▶ _WORK REQUIRED_:
Without the images, repeat every line of the listing verbatim.
Top of GIVEN DATA
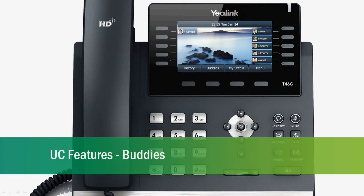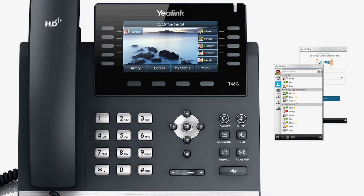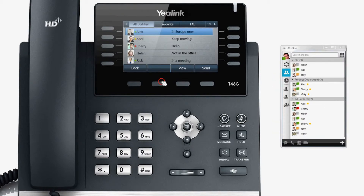UC Features: Buddies. Buddies is a contact list based on the BroadTouch platform. When using buddies, you can perform contact-related operations with greater ease.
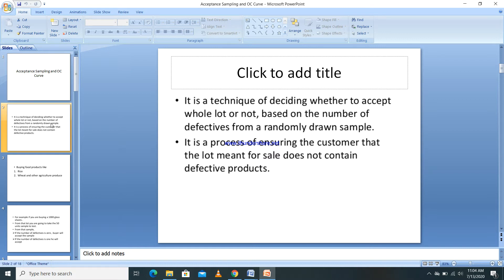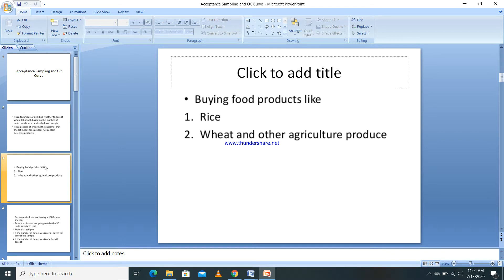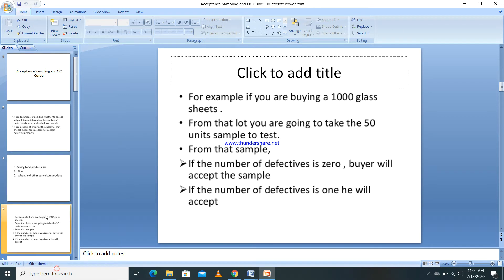Acceptance sampling is something we widely use in day-to-day life. For example, when buying five kilograms of rice, you check the quality by taking a small amount — you don't inspect all five kilograms before deciding to buy. Similarly, when buying vegetables or flour, we use acceptance sampling to decide whether to purchase the product.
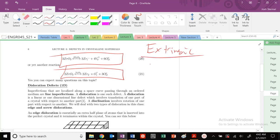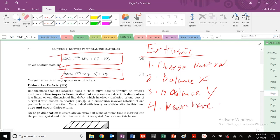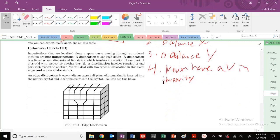Here's the procedure for extrinsic defects: (1) be charge neutral first, (2) balance across x subscripts, (3) balance across y subscripts, and (4) you can never have a vacancy in your impurity species. Follow these procedures and you'll be good to go. Next time we're moving up in dimensionality and talking about one-dimensional defects: edge dislocations and screw dislocations. See you in the next video!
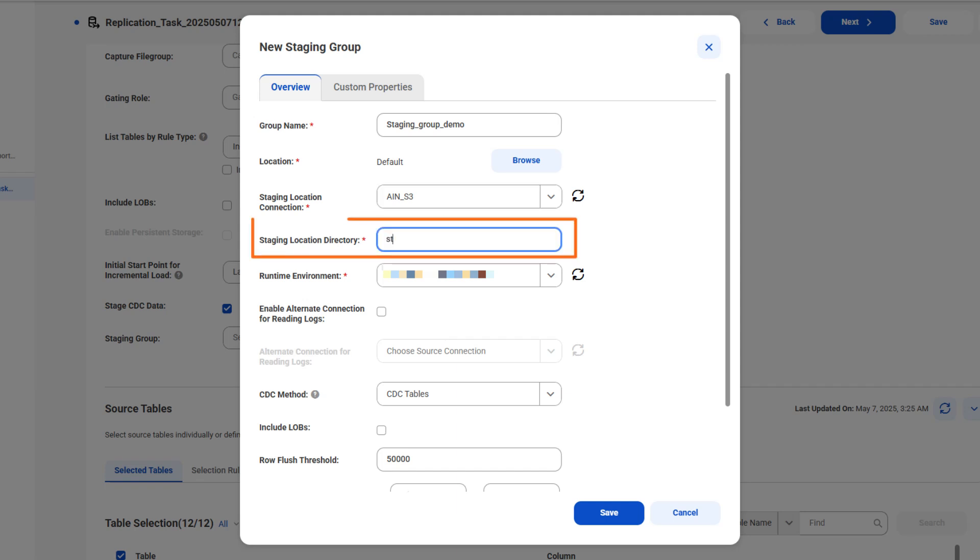Next, specify the directory where you want to stage the CDC log data. For each CDC staging group, enter a unique directory that the secure agent can access for read and write operations.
Bottom of GIVEN DATA
▶ _EXERCISE RESULT_:
UC Features: Buddies. Buddies is a contact list based on the BroadTouch platform. When using buddies, you can perform contact-related operations with greater ease.
Acceptance sampling is something we widely use in day-to-day life. For example, when buying five kilograms of rice, you check the quality by taking a small amount — you don't inspect all five kilograms before deciding to buy. Similarly, when buying vegetables or flour, we use acceptance sampling to decide whether to purchase the product.
Here's the procedure for extrinsic defects: (1) be charge neutral first, (2) balance across x subscripts, (3) balance across y subscripts, and (4) you can never have a vacancy in your impurity species. Follow these procedures and you'll be good to go. Next time we're moving up in dimensionality and talking about one-dimensional defects: edge dislocations and screw dislocations. See you in the next video!
Next, specify the directory where you want to stage the CDC log data. For each CDC staging group, enter a unique directory that the secure agent can access for read and write operations.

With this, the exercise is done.